Michael Vakitiotis has an interesting take on the Anwar release in the current Far Eastern Economic Review. The way he (and Anwar) see it, Anwar and former Indonesian president Habibie represent a pan-South-East-Asian movement towards a more tolerant and pluralistic Islam. I'm sure many Malaysians might say that Anwar's Umno Youth days didn't reveal a particularly tolearant attitude, but still, I think it is an interesting argument. Whether Habibie and Anwar end up on the scrap-heap of busted 1990s leaders or do manage to lead their countries away from confrontation with the West remains to be seen. Anyway, here is the gist of the argument: "
Habibie's influence over Anwar isn't easily dismissed. The diminutive former president founded a reformist Islamic movement in Indonesia in 1990. Habibie worked closely with Anwar in the mid-1990s to promote a tolerant and constructive brand of Islam which they hoped would influence the religion worldwide and head off what they saw as a dangerous trend towards intolerance and confrontation with the West.

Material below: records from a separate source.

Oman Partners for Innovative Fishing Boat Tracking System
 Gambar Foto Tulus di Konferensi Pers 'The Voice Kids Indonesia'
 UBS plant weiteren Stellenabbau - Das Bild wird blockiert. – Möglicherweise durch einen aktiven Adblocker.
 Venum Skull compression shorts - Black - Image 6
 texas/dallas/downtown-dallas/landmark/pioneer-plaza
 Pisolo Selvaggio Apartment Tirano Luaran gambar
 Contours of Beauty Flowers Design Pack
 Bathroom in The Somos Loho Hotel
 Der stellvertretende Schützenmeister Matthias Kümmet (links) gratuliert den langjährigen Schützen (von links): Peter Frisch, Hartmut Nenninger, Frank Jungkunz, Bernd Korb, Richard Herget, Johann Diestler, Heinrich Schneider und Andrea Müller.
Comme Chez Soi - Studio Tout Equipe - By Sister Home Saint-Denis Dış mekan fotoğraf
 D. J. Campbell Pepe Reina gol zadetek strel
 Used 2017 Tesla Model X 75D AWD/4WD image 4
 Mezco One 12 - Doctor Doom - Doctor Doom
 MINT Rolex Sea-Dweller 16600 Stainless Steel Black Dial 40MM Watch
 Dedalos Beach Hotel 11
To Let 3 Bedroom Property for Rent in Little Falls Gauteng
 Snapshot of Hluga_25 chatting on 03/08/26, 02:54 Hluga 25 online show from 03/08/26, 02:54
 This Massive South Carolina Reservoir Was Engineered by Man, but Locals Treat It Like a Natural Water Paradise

Together they gave speeches and formed think-tanks in which young Muslim scholars synthesized the best of Western social science and philosophy with Islamic thinking. They were both leaders in waiting, and they attracted young and ambitious thinkers who saw in them the way to an end to decades of religious conflict and authoritarianism.
What a difference a decade makes. The harsh realities of politics interrupted their intellectual discourse. Anwar was sacked as deputy prime minister in 1998 and soon after went to jail, while Habibie lost Indonesia's 1999 presidential election. Their push for Islamic pluralism crumbled along with the so-called Asian economic miracle. In its place an intolerant and radical brand of Islamic thinking took root in the Islamic schools that Anwar and Habibie had wanted to influence.
Now that Anwar is free, Habibie and other scholars and thinkers around the region are hoping the former Muslim radical will resume his quest for a tolerant, progressive Islam to counter the fundamentalism blamed for a surge in terrorism.